__Task__
Exactly as they appear below, repeat the lines from the one with "Seltene klare Phantom" through the one with "T-shirt Sensibilisation sur", and no others.

__Material supplied__

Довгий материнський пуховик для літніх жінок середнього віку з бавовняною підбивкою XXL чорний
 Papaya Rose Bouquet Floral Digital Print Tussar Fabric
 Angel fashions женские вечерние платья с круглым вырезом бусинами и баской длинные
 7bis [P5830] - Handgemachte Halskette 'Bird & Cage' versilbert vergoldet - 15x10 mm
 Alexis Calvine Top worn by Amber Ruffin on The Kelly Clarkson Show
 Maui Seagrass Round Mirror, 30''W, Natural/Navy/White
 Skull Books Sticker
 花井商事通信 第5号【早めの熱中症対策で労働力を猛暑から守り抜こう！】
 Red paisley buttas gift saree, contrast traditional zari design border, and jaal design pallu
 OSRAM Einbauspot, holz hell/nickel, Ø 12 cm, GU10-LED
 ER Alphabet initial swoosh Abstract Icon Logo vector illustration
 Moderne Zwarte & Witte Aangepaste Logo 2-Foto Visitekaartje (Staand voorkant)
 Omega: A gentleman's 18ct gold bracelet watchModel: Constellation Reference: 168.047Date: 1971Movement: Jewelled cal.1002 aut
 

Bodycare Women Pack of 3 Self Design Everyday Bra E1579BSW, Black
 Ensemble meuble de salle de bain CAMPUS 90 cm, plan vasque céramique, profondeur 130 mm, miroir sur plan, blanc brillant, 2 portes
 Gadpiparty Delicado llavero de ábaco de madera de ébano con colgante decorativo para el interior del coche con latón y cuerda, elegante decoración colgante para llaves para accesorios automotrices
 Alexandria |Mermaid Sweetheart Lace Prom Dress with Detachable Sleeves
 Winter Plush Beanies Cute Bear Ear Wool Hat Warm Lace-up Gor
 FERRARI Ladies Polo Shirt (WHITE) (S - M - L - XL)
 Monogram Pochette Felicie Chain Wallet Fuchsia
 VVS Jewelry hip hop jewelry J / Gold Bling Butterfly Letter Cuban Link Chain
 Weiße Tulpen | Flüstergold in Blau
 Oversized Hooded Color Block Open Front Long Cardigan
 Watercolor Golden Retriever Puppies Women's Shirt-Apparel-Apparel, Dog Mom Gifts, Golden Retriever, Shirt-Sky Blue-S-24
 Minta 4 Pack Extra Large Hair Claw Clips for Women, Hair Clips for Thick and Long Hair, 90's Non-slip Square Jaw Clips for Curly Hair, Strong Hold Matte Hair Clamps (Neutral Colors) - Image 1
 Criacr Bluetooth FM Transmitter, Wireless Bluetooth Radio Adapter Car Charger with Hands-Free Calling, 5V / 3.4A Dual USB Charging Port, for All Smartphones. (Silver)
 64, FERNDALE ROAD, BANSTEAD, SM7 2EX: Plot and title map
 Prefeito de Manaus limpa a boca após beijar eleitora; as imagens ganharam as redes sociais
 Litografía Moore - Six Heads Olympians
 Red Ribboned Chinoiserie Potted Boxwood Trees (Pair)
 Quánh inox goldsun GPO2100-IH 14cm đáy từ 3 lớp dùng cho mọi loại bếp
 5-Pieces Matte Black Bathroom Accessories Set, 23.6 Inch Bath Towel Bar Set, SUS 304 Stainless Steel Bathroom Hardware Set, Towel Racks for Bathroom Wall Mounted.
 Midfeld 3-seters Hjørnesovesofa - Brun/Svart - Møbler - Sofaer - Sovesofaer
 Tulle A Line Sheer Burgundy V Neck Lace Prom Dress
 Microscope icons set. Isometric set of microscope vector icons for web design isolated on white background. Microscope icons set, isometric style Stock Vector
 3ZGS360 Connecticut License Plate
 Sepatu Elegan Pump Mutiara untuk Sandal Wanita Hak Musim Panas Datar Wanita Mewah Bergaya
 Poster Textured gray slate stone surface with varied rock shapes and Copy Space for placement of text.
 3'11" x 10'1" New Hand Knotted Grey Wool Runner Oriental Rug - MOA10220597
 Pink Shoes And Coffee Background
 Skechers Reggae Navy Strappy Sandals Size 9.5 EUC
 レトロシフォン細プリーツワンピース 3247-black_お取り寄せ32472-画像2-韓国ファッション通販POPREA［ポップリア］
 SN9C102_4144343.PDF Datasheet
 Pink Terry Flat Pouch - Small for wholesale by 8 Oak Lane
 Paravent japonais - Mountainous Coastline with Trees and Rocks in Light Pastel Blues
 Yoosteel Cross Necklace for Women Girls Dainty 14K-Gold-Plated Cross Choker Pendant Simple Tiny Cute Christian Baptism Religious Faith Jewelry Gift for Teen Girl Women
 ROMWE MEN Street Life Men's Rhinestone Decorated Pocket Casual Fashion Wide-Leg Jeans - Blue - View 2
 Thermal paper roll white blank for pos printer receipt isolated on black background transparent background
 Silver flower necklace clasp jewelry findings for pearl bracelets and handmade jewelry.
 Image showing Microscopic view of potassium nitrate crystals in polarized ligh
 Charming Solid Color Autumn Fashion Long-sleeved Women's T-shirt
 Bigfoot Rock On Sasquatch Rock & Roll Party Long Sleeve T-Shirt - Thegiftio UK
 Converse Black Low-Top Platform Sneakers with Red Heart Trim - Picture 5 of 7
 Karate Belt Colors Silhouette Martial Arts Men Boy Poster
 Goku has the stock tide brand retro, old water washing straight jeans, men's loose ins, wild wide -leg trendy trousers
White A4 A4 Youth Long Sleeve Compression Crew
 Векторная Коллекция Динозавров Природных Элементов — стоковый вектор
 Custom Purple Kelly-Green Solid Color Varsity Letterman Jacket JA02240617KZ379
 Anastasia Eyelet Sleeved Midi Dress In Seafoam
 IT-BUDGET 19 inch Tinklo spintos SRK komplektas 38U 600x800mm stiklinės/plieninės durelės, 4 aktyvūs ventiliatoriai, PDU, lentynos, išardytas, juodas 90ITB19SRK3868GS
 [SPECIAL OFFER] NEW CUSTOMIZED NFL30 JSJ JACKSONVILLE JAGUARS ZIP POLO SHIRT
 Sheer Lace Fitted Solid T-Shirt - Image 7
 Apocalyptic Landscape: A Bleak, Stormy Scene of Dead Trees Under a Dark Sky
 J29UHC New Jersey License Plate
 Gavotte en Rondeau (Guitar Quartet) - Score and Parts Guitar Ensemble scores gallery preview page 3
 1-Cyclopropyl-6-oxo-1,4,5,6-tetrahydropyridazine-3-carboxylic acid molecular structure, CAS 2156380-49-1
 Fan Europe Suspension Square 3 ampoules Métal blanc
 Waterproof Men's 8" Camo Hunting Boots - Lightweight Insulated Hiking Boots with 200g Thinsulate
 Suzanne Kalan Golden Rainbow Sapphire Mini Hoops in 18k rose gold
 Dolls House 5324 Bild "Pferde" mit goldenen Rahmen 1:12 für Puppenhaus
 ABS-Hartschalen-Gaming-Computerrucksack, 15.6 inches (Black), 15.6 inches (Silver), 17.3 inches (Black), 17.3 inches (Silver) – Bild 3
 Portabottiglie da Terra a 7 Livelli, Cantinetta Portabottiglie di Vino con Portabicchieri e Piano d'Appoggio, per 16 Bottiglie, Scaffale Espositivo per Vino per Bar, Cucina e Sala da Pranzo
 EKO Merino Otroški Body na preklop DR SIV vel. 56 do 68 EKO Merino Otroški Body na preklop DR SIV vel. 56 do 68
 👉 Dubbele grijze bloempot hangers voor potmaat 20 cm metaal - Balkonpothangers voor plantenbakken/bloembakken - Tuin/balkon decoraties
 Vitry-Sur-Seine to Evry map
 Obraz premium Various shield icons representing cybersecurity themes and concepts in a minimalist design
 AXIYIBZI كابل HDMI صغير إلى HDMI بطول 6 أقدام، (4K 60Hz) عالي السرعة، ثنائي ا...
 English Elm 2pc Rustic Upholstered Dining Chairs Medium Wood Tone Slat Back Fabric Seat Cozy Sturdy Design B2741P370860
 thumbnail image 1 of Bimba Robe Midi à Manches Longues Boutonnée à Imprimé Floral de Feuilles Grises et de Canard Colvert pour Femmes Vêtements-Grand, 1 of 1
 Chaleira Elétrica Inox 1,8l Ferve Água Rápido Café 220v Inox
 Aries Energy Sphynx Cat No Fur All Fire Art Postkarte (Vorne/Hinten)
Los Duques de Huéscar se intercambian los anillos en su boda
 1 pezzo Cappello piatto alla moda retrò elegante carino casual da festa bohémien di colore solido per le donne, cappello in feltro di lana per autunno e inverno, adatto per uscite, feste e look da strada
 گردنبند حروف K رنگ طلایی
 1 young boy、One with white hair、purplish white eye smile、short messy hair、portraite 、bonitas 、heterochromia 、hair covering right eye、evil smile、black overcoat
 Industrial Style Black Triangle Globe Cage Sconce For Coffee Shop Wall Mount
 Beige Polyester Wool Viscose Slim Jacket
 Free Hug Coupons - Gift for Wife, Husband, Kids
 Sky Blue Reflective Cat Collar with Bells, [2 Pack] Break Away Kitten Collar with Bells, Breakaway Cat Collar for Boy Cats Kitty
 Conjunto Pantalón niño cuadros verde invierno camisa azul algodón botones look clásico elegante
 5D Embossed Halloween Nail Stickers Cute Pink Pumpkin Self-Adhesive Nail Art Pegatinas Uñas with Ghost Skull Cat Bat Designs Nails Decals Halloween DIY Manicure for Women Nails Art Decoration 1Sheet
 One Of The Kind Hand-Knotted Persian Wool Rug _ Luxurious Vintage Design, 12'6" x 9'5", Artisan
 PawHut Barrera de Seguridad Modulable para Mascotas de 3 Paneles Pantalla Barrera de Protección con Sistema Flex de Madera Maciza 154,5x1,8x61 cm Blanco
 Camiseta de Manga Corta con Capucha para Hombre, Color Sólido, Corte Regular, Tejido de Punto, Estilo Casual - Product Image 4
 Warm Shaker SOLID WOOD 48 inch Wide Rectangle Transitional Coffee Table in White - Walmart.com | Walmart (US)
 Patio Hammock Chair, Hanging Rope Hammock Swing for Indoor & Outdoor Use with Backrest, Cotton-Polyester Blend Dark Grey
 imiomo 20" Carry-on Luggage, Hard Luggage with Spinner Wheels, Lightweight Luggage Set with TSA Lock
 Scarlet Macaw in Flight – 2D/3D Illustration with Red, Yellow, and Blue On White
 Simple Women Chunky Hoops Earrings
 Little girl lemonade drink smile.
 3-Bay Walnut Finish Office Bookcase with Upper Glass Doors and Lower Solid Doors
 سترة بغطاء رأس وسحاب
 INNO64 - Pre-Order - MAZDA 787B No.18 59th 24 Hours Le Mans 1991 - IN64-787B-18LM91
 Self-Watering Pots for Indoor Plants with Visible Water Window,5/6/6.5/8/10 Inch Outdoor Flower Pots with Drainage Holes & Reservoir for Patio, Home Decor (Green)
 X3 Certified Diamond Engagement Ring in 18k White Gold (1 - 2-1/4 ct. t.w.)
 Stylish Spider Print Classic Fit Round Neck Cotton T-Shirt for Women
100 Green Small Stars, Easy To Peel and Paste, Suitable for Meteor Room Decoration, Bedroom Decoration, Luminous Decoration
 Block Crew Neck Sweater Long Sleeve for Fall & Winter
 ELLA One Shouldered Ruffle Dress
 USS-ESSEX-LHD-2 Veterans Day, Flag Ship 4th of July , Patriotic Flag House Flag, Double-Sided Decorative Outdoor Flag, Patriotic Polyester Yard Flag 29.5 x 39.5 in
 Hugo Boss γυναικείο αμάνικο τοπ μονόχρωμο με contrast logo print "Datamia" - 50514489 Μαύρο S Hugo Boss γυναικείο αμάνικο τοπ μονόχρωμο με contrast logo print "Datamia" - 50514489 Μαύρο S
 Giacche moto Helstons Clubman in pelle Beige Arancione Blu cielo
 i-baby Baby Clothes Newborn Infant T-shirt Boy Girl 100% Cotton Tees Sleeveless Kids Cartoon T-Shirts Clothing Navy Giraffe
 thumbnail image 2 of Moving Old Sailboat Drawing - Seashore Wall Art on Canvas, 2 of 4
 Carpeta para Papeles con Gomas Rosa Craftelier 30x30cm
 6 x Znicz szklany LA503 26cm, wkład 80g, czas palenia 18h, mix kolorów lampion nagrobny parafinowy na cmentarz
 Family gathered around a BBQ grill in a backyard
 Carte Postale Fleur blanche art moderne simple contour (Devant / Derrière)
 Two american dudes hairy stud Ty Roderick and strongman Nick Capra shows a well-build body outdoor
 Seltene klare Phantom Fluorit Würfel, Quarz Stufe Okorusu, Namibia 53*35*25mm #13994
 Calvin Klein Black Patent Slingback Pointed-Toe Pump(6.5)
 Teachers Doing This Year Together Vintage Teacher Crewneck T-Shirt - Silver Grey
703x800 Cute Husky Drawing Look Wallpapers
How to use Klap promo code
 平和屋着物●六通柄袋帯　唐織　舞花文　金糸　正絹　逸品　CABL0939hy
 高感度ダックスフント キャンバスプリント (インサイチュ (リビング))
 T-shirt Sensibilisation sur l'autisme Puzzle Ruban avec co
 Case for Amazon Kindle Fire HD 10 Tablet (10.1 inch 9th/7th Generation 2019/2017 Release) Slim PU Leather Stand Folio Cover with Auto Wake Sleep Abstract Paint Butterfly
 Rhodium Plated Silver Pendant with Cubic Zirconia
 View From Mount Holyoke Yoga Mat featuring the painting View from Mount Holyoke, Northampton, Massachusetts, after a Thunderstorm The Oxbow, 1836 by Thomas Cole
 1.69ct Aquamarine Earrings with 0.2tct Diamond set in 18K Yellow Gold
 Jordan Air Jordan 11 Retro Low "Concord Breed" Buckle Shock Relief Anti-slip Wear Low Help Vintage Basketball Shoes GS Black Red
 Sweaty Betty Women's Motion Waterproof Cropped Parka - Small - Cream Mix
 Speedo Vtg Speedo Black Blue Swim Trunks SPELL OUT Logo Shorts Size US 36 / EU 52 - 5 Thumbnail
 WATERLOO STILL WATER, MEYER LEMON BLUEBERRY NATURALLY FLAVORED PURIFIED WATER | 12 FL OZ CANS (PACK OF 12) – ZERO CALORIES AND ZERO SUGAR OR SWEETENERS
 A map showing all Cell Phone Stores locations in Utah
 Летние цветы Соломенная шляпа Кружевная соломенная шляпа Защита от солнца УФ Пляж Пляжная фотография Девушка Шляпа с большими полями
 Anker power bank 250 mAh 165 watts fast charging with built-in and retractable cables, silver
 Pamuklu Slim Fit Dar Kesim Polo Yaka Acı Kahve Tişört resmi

__Response to the exercise__
 Seltene klare Phantom Fluorit Würfel, Quarz Stufe Okorusu, Namibia 53*35*25mm #13994
 Calvin Klein Black Patent Slingback Pointed-Toe Pump(6.5)
 Teachers Doing This Year Together Vintage Teacher Crewneck T-Shirt - Silver Grey
703x800 Cute Husky Drawing Look Wallpapers
How to use Klap promo code
 平和屋着物●六通柄袋帯　唐織　舞花文　金糸　正絹　逸品　CABL0939hy
 高感度ダックスフント キャンバスプリント (インサイチュ (リビング))
 T-shirt Sensibilisation sur l'autisme Puzzle Ruban avec co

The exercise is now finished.